= Beginning of Section =

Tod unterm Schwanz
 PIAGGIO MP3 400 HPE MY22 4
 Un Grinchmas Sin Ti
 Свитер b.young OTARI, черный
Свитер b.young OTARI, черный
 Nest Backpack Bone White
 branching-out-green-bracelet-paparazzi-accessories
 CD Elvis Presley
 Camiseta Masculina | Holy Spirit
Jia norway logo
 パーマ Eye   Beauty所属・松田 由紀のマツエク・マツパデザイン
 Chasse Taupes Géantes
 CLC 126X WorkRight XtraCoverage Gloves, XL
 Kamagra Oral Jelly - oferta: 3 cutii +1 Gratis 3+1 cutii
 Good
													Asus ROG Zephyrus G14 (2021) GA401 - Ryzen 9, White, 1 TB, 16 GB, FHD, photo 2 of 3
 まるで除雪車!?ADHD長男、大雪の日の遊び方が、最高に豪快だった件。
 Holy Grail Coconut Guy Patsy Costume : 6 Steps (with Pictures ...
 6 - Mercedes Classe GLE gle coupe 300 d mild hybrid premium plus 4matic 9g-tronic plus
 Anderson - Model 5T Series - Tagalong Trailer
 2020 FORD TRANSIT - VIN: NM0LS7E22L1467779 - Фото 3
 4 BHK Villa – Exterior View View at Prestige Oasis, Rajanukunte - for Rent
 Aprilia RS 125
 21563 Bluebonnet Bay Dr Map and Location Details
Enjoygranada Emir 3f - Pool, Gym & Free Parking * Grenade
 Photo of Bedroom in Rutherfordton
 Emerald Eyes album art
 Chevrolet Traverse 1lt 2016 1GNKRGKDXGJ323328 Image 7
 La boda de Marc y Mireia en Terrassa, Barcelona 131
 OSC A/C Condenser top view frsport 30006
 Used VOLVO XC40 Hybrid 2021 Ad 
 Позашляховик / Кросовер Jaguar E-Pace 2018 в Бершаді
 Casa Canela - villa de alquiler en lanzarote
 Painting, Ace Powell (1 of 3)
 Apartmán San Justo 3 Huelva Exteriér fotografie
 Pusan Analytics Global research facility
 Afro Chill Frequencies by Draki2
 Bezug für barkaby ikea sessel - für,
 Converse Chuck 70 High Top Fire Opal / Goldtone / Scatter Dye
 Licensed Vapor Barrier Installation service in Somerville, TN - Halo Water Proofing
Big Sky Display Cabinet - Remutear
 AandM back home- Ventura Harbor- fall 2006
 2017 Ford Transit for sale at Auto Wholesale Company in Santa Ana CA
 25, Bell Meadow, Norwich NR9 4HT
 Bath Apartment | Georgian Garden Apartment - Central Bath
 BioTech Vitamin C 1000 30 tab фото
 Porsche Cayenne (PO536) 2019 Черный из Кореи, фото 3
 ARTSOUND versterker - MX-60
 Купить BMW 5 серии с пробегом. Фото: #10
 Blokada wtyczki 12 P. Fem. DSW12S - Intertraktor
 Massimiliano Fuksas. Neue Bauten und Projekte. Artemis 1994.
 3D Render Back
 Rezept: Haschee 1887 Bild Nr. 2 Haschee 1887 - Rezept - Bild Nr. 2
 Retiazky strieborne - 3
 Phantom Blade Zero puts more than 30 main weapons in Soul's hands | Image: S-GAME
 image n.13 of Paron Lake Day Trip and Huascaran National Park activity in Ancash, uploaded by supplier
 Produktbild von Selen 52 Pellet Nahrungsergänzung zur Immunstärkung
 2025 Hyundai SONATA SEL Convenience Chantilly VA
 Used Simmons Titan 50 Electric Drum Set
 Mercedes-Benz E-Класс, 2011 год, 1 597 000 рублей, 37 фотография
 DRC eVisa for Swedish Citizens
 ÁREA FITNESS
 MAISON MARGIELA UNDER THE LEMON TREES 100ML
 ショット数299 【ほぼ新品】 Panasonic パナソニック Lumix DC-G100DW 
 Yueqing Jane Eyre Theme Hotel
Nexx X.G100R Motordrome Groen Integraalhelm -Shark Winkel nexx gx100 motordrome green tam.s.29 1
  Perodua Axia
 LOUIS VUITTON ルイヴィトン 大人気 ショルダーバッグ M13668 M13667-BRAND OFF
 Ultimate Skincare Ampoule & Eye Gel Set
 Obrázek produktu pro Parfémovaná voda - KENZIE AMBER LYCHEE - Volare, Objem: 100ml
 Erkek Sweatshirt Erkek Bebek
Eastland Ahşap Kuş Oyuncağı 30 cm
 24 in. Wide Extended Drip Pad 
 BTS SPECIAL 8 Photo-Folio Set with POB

= End of Section =

◆ Exercise instructions: Return, from the material above, each line holding the string "Holy".

◆ Response to the exercise:
 Camiseta Masculina | Holy Spirit
 Holy Grail Coconut Guy Patsy Costume : 6 Steps (with Pictures ...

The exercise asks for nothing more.